In 1997, at the point when Inari was practically moribund, with almost no new child speakers – the beginning of the end for any language – a local man called Matti Morottaja launched a pioneering ‘language nest’ programme, a last-ditch attempt at revitalisation when it appeared all was lost. The concept was simple: a kindergarten in which only Inari was spoken, immersing children in the language from a very early age. Initially there was scepticism from parents and authorities alike, but twelve years after the programme’s inception, the number of speakers is actually growing for the first time in decades. Many children are now growing up bilingual, familiar with both Finnish and Inari, and finding themselves in the strange position of sharing a language with their grandparents that their parents – the ‘lost generation’ – never learned to speak. Rather than coming to a dead end, Inari has skipped a generation. A small number of determined people have kick-started it back to life, and now it stands at least a fighting chance of survival.

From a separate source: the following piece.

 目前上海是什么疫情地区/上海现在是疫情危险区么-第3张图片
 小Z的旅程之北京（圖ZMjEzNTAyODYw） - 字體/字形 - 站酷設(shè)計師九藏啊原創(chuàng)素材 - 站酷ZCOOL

‘It’s not an exaggeration to say the entire language and culture would have died if a handful of people, maybe only five or so, had had an accident in a minibus ten years ago,’ says Kaisu Nikula, an Inari woman who studied in Helsinki and Manchester, but moved back to the Sámi homeland to run the nearby Inarin Kultahovi Hotel, built on the banks of the river her family has fished for generations. ‘If I hadn’t returned here after completing university, I would never have learned Inari, my children would never have learned it. They would not have had anything left. My children would have been the end of the culture.’
The fact that the language has been revived, despite the near-fatal continuity breach, shows the extent to which the community recognised, albeit belatedly, that they stood to lose something inherently valuable. Matti Morottaja and others successfully tapped into this awareness, reminding people that their ancestors’ language deserved better than a slow fade into extinction. Crucially, though, the Inari have realised that it isn’t simply an ancestral tongue – something that must remain fossilised, locked in the distant past – but a living language that can adapt to describe the modern world. Perhaps the most optimistic sign is that Inari’s vocabulary is growing, as well as its number of speakers. New terms are being coined as the lexicon expands to envelop new technologies, ideas and objects; most recently a newly-discovered species of mushroom.
‘Language has to change, otherwise it dies,’ says Annika Pasanen, who is now fluent in Inari herself, and whose child attends the language nest, despite being non-Sámi. ‘If it’s kept in a museum, it cannot live.’
The revitalisation of the language in the young has been accompanied by a flowering of Inari literature and music, and the language is broadcast every day on Sámi Radio. Matti Morrotaja’s son Amoc has found success across Scandinavia as an Inari-language hiphop artist. There’s a sense of youth and vigour, a renewal of Inari identity, slowly but surely replacing embarrassment in indigenous culture with pride.
Pride is perhaps the essential factor in endangered languages’ survival. Not pride in tradition for tradition’s sake, but in the intricate systems of knowledge, the detailed environmental taxonomies, that have developed over millennia, and which K. David Harrison calls perhaps ‘the greatest accumulation of knowledge of the natural world humans possess.’ Strengthening minority tongues is crucial not only for preserving this knowledge, but for empowering the indigenous cultures that are, most often, the best custodians of the ecosystems we all depend on. In a globalised and connected world whose environment is increasingly threatened, the destruction of culture in one place or another – whether in the Arctic Circle, the Andes or the Amazon jungle – can no longer be seen as isolated, a hermetically-sealed event. As with the destruction of biodiversity, it affects us all.